Many experts describe XDR as an expansion of endpoint detection and response (EDR) technology, which scans endpoint devices looking for breaches in real time. An XDR platform applies EDR principles across the IT environment, pulling information from discrete security tools into a unified, comprehensive view of the threat intelligence landscape. Because XDR consumes and correlates multiple data streams, it can theoretically weigh information in context and minimize false positives. It also uses machine learning and automation to perform root cause analysis and suggest or execute responses to security alerts.
Grand View Research valued the current XDR market at $577.9 million and predicted revenue will rise to $2.06 billion by 2028.
Is the XDR market 'real?'
As anyone working in IT knows all too well, vendors sometimes try to drum up artificial demand where it doesn't organically exist. But, when it comes to the forces driving XDR market buzz, experts said it's complicated. On the one hand, a vendor -- Palo Alto Networks -- coined the term in 2018 and promoted early conversations around XDR. On the other hand, analysts agreed the concept adds up to far more than just empty marketing hype.
Oltsik and Gruber have collaborated extensively on XDR research at ESG, yet even they disagree on whether the XDR market has achieved maturity and legitimacy today.
"I was kind of bullish on this early on; I think XDR solves a really compelling problem," said Gruber, who is in the affirmative camp. "XDR is well recognized by the majority of security organizations, and there's been a ton of early validation."
Oltsik said the cybersecurity industry has thus far failed to agree on a clear definition of XDR and added that many users still don't even know what the acronym stands for. ESG's research showed just 24% of security professionals describe themselves as "very familiar" with XDR concepts.
"We, as analysts -- along with the market itself -- have to clarify what XDR is before we can say it's a 'real' market," Oltsik said.
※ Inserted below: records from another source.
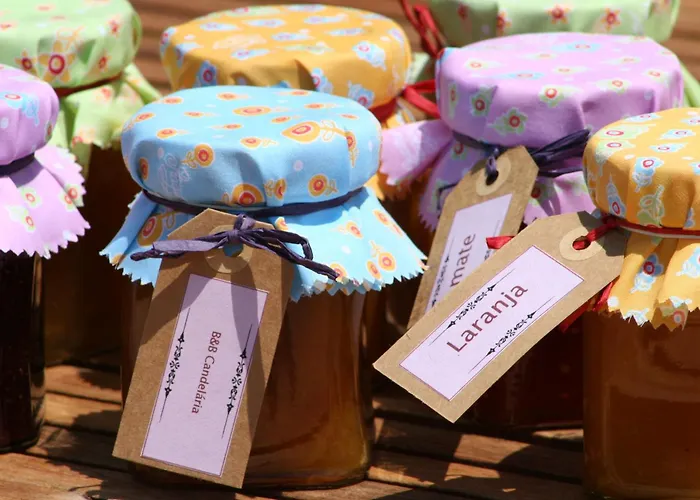 Candelaria Oda ve Kahvaltı 4*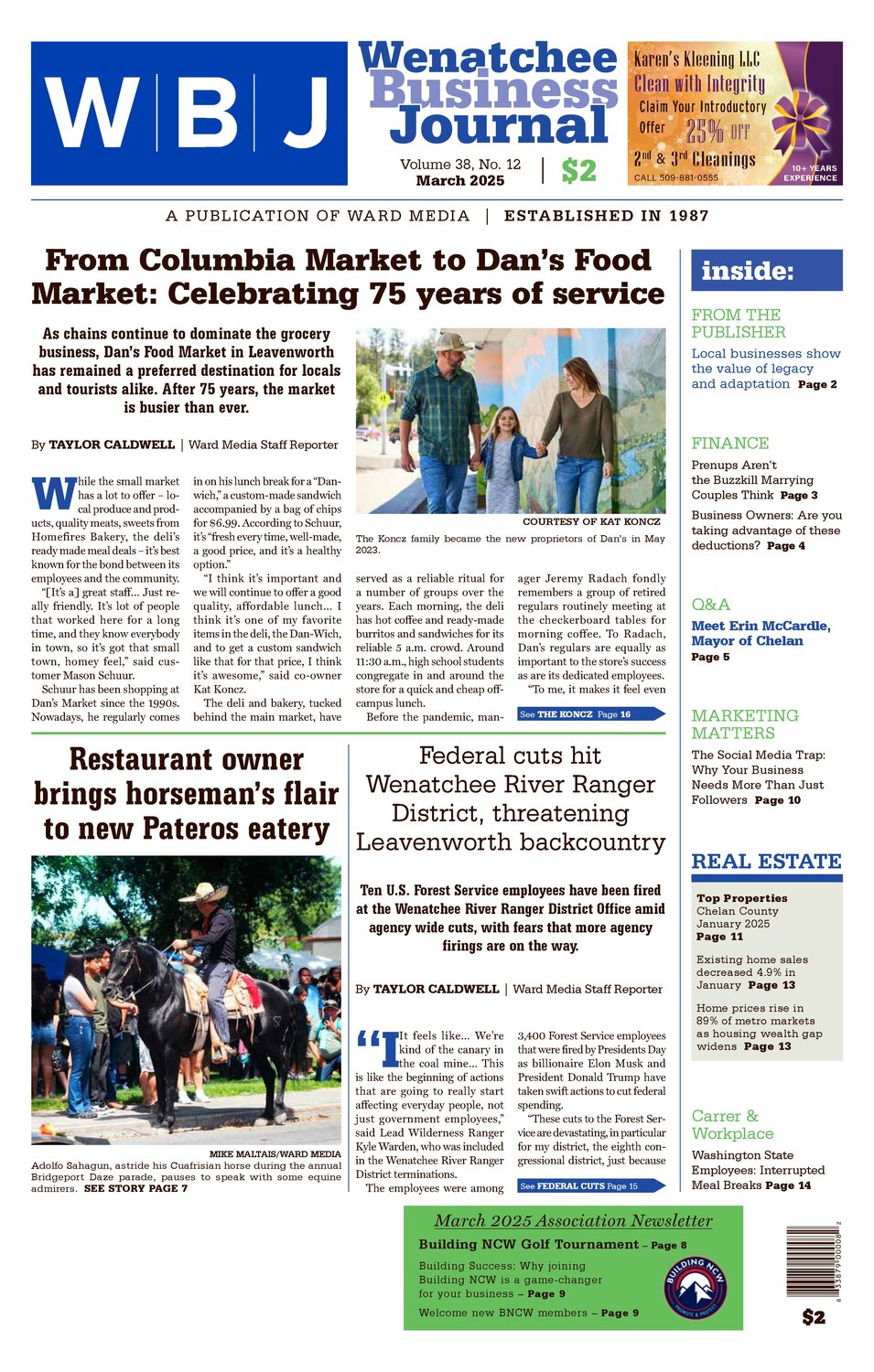 WBJ March 2025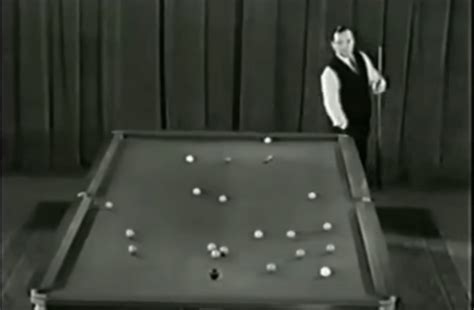 How snooker has evolved since Joe Davis and the 1960s...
Right now, he added, "it's an immature market that has the potential to become a real market."
Gruber countered by suggesting EDR's past progression to clear market maturity has fast-tracked XDR's own trajectory. Many security vendors have already waded into the space, he added, and ESG's research showed 70% of organizations plan to make room in their budgets for XDR by 2022. "All these characteristics say to me, 'Yeah, this is a real market.'"
Even so, Gruber cautioned security vendors not to get carried away by XDR market excitement. "I think it could be a big distraction," he said, warning against "getting sucked into the vortex of the XDR conversation." Manufacturers and providers should be able to articulate their positions on XDR and how their products or services support the technology, Gruber added. But not everyone needs to offer an explicit XDR play.
Despite his belief that the XDR market hasn't quite reached maturity and legitimacy, Oltsik is also bullish on its potential. "XDR could be extremely disruptive to all security controls, analytics and operations tools," he said. "Everyone should pay attention."